Purpose:  To determine the risk for acute kidney injury (AKI) attributable to intravenous contrast media (CM) administration in septic patients.
Materials and methods:  This was a single-center retrospective propensity matched cohort analysis performed in the emergency department (ED) of an academic medical center. All visits for patients ≥18 years who met sepsis diagnostic criteria and had serum creatinine (SCr) measured both on arrival to the ED and again 48 to 72 h later were included. Of 4171 visits, 1464 patients underwent contrast-enhanced CT (CECT), 976 underwent unenhanced CT and 1731 underwent no CT at all.

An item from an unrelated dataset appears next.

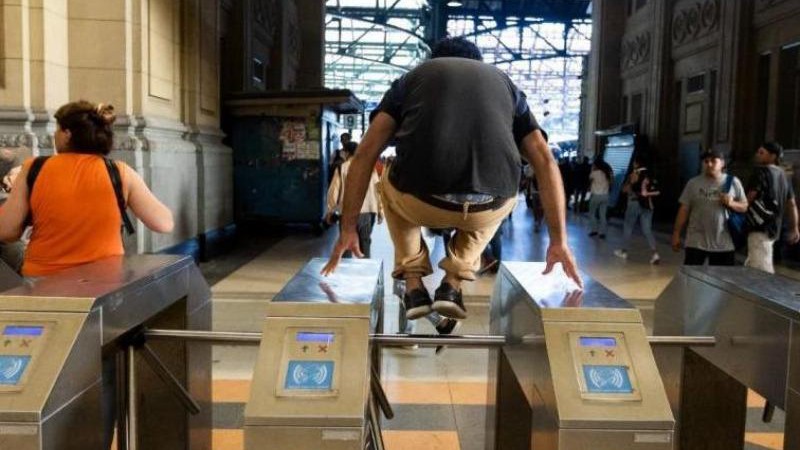 En Buenos Aires, estudiantes y organizaciones convocan a un "Molinetazo"  por el aumento del transporte publico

Results:  The primary outcome was incidence of AKI. Logistic regression and between-groups odds ratios with and without propensity-score matching were used to test for an independent association between CM administration and AKI. Incidence of AKI was 7.2%, 9.4% and 9.7% in those who underwent CECT, unenhanced CT and no CT. CM administration was not associated with increased incidence of AKI.
Conclusions:  Sepsis is a medical emergency proven to benefit from early diagnosis and rapid initiation of treatment, which is often aided by CECT. Our findings argue against withholding CM for fear of precipitating AKI in potentially septic patients.